Dataset content.
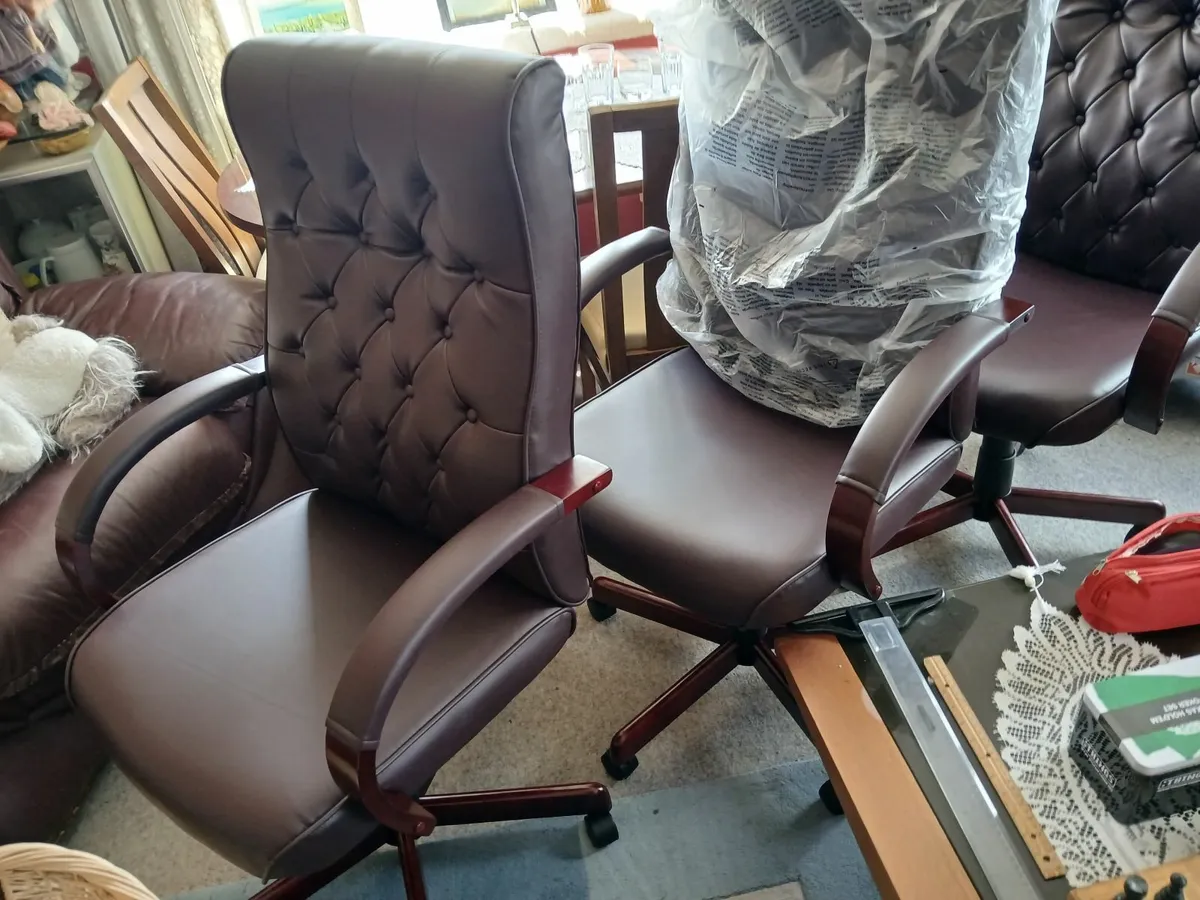 Office chair nee chesterfeild dynamic  deliverd - Image 2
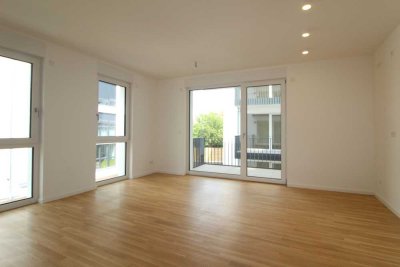 Erster Monat kaltmietfrei! Moderne 2-Zimmerwohnung mit Balkon ruhigem Hinterhaus!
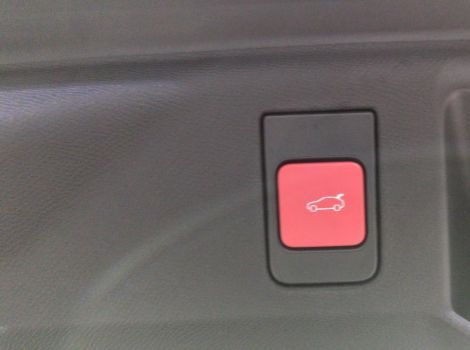 Peugeot 5008 HYBRID 145 CH BVA E-DCS6 7PL GT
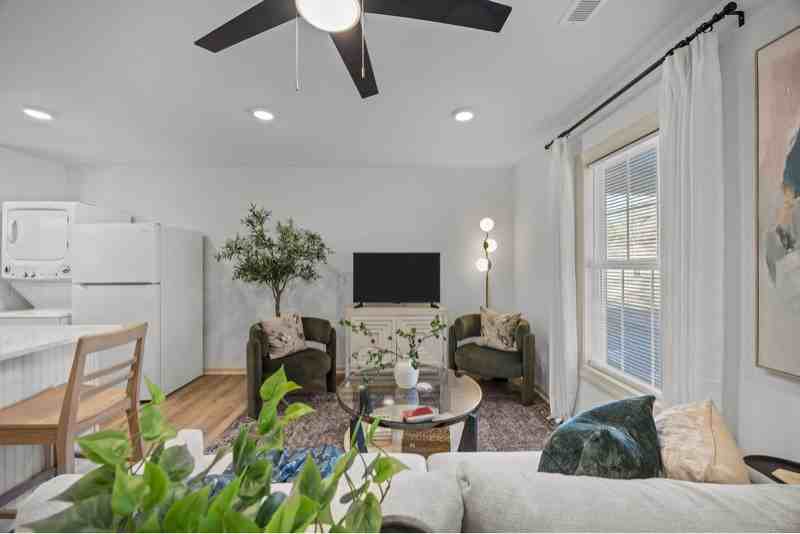 1802 Rominger Rd - Photo 5 of 22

Task item.
Give the data again exactly as it stands, apart from the pictures.

Result of this exercise.
 Office chair nee chesterfeild dynamic  deliverd - Image 2
 Erster Monat kaltmietfrei! Moderne 2-Zimmerwohnung mit Balkon ruhigem Hinterhaus!
 Peugeot 5008 HYBRID 145 CH BVA E-DCS6 7PL GT
 1802 Rominger Rd - Photo 5 of 22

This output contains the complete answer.